» **Prompt**
Please copy, word for word, the line holding "5個月泰迪皮屑-泰迪狗身上有皮屑怎么解決" and each line that follows it through the end of the entries, omitting any pictures.

» **Provided material**
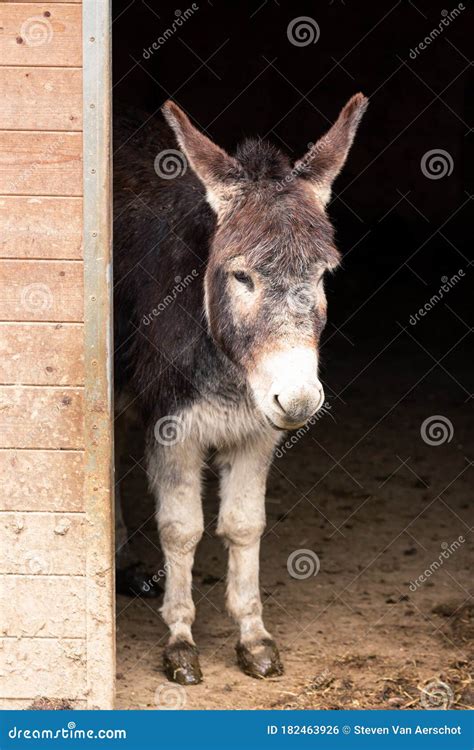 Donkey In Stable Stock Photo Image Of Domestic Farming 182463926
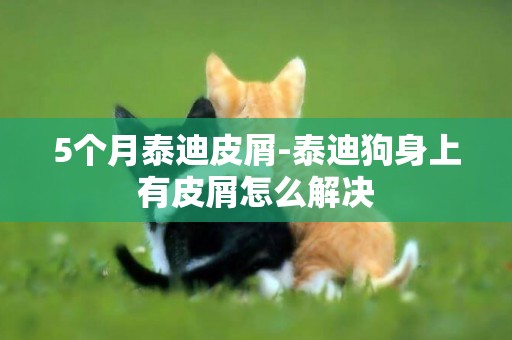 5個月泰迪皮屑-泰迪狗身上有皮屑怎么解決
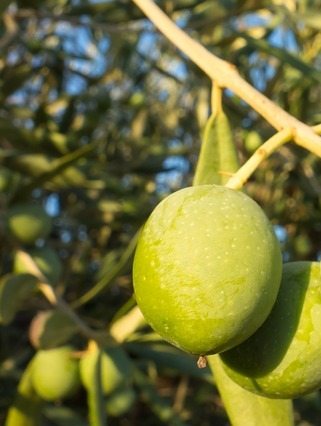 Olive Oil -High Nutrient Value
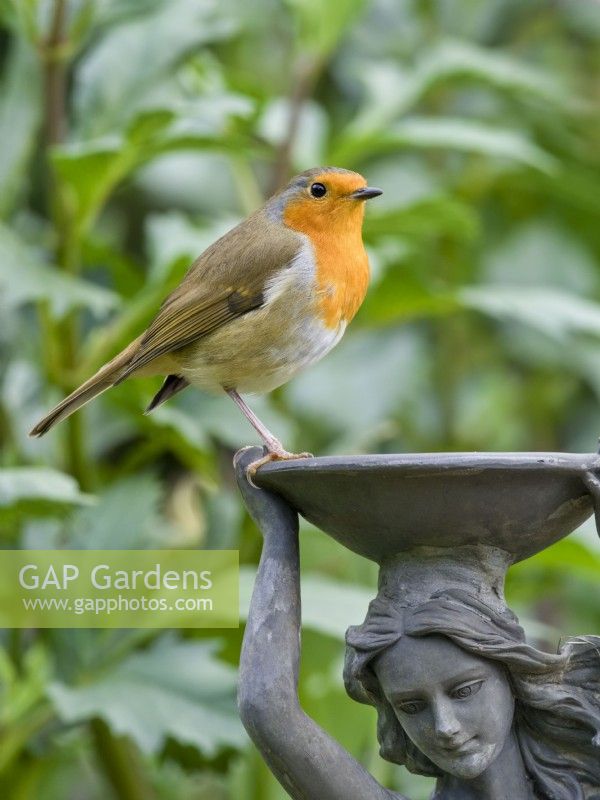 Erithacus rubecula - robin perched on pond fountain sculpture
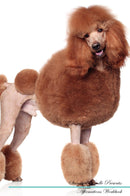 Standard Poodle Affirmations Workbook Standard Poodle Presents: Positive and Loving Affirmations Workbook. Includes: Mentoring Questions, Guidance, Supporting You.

» **Result of the exercise**
 5個月泰迪皮屑-泰迪狗身上有皮屑怎么解決
 Olive Oil -High Nutrient Value
 Erithacus rubecula - robin perched on pond fountain sculpture
 Standard Poodle Affirmations Workbook Standard Poodle Presents: Positive and Loving Affirmations Workbook. Includes: Mentoring Questions, Guidance, Supporting You.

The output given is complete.